-Petite intro rapide, ce texte va être incompréhensible. Je me disais qu'il serait plus clair si je le lisais. Peut-être que vous réaliserez mieux si vous fermez les yeux, et essayez de visualiser les images. Ou peut-être que je suis folle et que c'est incompréhensible ? Peu importe. Je vous mets juste l'audio du texte, essayez de l'écouter avant ou après avoir lu la version dactylographiée. Et bienvenue dans mon monde-
Et puis ça sent le souffre. Une odeur qui prends à la gorge. De toute façon, cette journée entière a un goût de café noir, trop fort et sans sucre. Le genre qu'on avale parce qu'on a pas le choix, petite simulation devant les collègues, essayer de faire croire qu'on est adulte nous aussi. Une journée grisâtre, définitivement. Et silencieux, je regarde les gens qui passent, qui marchent dans les rues de Paris. Silencieux, je voudrais hurler pourtant. Les cris peuvent ressembler au miel, ou à de la terre mouillée qui étouffe, c'est vrai. Qu'ils soulagent, ou qu'ils me tuent, tout semble préférable à cette odeur de pluie qui m'envahit. Odeur de pluie, c'est drôle, non ? Il y avait un autre mot avant. Un mot pour ça, pour le sentiment odeur de pluie. J'ai perdu le mot. C'est pour ça que je suis silencieux, personne ne me comprends. Je devrais faire un effort, je sais, mais transposer du monde majeur au monde mineur, c'est un accord imparfait. Il y a un temps où le langage des autres était aussi le mien, mais leurs mots sont des pièges. Les miens sont tellement plus clairs. Et si je dis que ça sentait le souffre, la sensation dans ma gorge parle mieux que n'importe quelle expression, il n'y a pas de non sens, seulement des émotions.

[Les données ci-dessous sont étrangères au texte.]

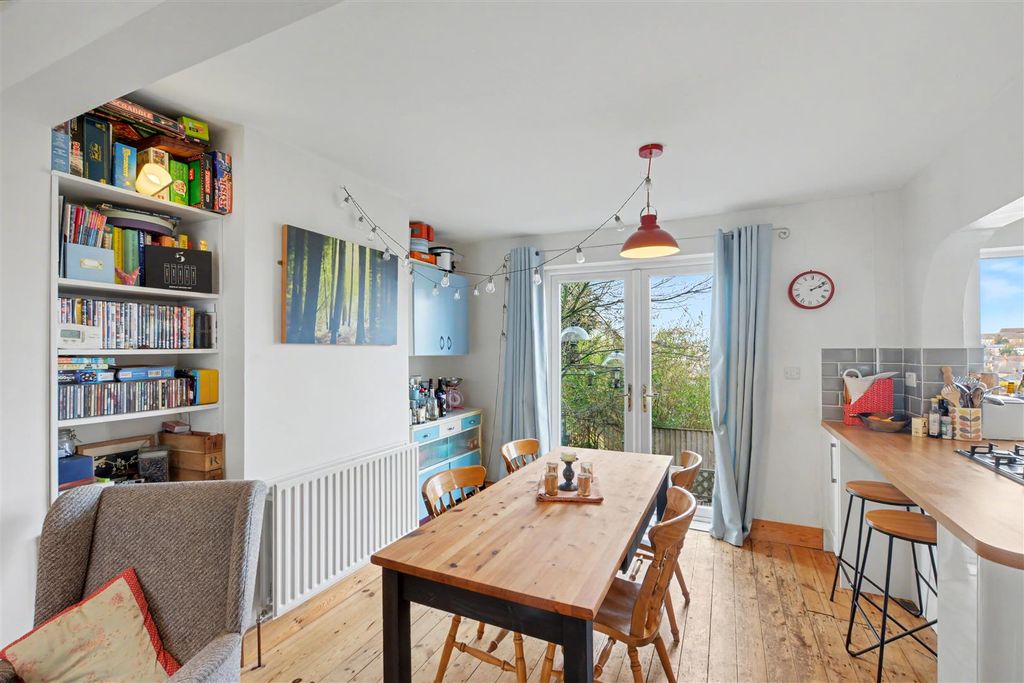 Property photo 3 of 12 Dining Area.Jpeg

Les gens marchent dans les rues de la ville. Ils sont d'un gris un peu translucide, si je cligne des yeux assez vite, je les confonds avec la pluie, et j'oublie les doubles croches de leur pas. C'est fou ce qu'ils vont vite. Ils sont tous Allegro, et pourtant tellement... Ce sont des feuilles de papier Allegro.
Vous ne comprenez pas ? C'est normal, de toute façon. Mettre mes pensées en mots, c'est. Bruit de quelque chose qui se brise. Non, vous ne comprenez toujours pas ? Vous êtes... Je n'ai pas le mot, c'est comme... Eh bien pour moi, vous êtes... Mais vous n'allez pas comprendre ! Ce serait que vous êtes... La Terre, disons. Et moi ? Eh bien moi, je suis Pluton. Et si j'essaie d'expliquer mes pensées, eh bien, comment le dire autrement ? Non, il n'y a pas d'autre mot. Bruit de quelque chose qui se brise. Je peux essayer dans votre langue, je... C'est simple. C'est pourtant simple, vous devriez le voir. Si demain la Terre entre en collision avec Pluton, tout va se casser. Eh oui, c'est le bruit de quelque chose qui se brise.
Mais de quel côté de la fenêtre êtes vous ? Les mots n'ont aucune importance ! Ce sont les images ! Il faut imaginer, il faut ressentir. Mon langage n'est pas fixe. Pourquoi voulez vous traduire ? Vous... Vous êtes gris vous aussi, mais sombre. Froid. Froid comme le reste du monde, finalement, vous sentez... Ce n'est pas... Vous n'êtes qu'un accord parfait, sur une gamme de Do. Majeur. Vous êtes un accord parfait majeur, de Do. Ecrit sur une vulgaire clé de sol.
Bien sûr que vous ne comprenez pas. Vous voulez simplement écouter. Je vous l'ai dit. Il faut voir. Et ressentir. Ce n'est pas si confus, si vous faites confiance à votre imagination.